Lo vide allontanarsi,
Ulisse, e si accorse di essere rimasto solo, abbandonato dall'amico e da tutti
i guerrieri achei, che se n'erano scappati per la paura. Intorno a lui c'erano
solo Troiani: erano come cani che accerchiano un cinghiale sbucato dalla
foresta. E Ulisse ebbe paura. Poteva scappare. Ma non lo fece. Con un balzo
saltò addosso a Deiopite e lo colpì. Poi uccise Toone e Ennomo e Chersidamante.
Con un colpo di lancia ferì Còropo, e lo stava finendo quando arrivò di corsa
suo fratello Soco, per difenderlo. Soco scagliò la lancia e la punta di bronzo
attraversò lo scudo di Ulisse e andò a conficcarsi nell'armatura, squarciando
la pelle, sul fianco. Ulisse indietreggiò. Capì che era stato colpito. Sollevò
la lancia. Soco si era già voltato e stava cercando di scappare.
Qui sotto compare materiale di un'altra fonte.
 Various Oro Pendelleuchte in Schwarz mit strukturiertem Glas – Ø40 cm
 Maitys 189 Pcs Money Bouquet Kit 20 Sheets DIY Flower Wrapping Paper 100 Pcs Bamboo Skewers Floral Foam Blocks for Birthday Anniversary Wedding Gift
Ulisse
scagliò, e la punta di bronzo colpì Soco in mezzo alle spalle,
trapassandogli il
petto. "Non saranno tuo padre e tua madre a chiuderti gli occhi", disse
Ulisse, "Te li strazieranno gli uccelli, tra un fitto battere d'ali."
Poi strinse tra le mani la lancia di Soco e se la strappò dalla carne. Sentì un
dolore tremendo e vide il sangue sprizzare dalla ferita. Lo videro anche i
Troiani e incitandosi a vicenda si strinsero intorno a lui. Allora Ulisse
gridò. Per tre volte, con tutta la forza che aveva in corpo, gridò aiuto.
Aiuto. Aiuto.
Da lontano lo sentì
Menelao. "E la voce di Ulisse." Subito prese Aiace, che era accanto a
lui e disse "Questa è la voce di Ulisse che chiede aiuto, muoviamoci, entriamo
nella mischia e andiamo a salvarlo". Lo trovarono che si batteva come un leone
aggredito da mille sciacalli, tenendo lontana la morte con la lancia. Aiace
corse al suo fianco e Sollevò in alto lo scudo, per proteggerlo. E intanto
Menelao gli si avvicinò e, prendendolo per mano, lo spinse via, verso i carri e
i cavalli che l'avrebbero portato in salvo. Rimase Aiace, a combattere, creando
grande
scompiglio fra i
Troiani. Uccise Dòriclo e poi ferì Pàndoco e ancora Lisandro e Pìraso e
Pilarte: sembrava un fiume in piena, sceso dalle montagne per inondare la pianura
trascinando con sé querce e pini, e fango, fino al mare. Da lontano, si vedeva
il suo immenso scudo oscillare in mezzo alla battaglia. E da lontano lo vide Ettore,
che stava combattendo sul fianco sinistro degli Achei, sulle rive dello Scamandro.
Lo vide e allora fece spronare dall'auriga i cavalli, e puntò dritto verso di lui.
Il carro sfrecciava in mezzo alla battaglia, calpestando cadaveri e scudi; il
sangue schizzava, sotto le ruote e gli zoccoli, fin sulle sponde del carro e
ovunque, intorno. Aiace lo vide arrivare ed ebbe paura. Smarrito, si gettò
sulle spalle l'enorme scudo dalle sette pelli, e iniziò a indietreggiare. Si
guardava intorno come una bestia braccata. Indietreggiava, ma lentamente,
voltandosi di continuo, e poi fermandosi a rispondere ai colpi dei Troiani, e
di nuovo scappando, ma per arrestarsi ancora, voltarsi e lottare, mentre le
lance dei nemici gli piovevano fitte addosso, affamate di carne, andando a
infilzare lo scudo o la terra intorno è lui solo contro tutti, come un leone
costretto a fuggire dalla sua preda, come un asino paziente sotto i colpi dei bambini.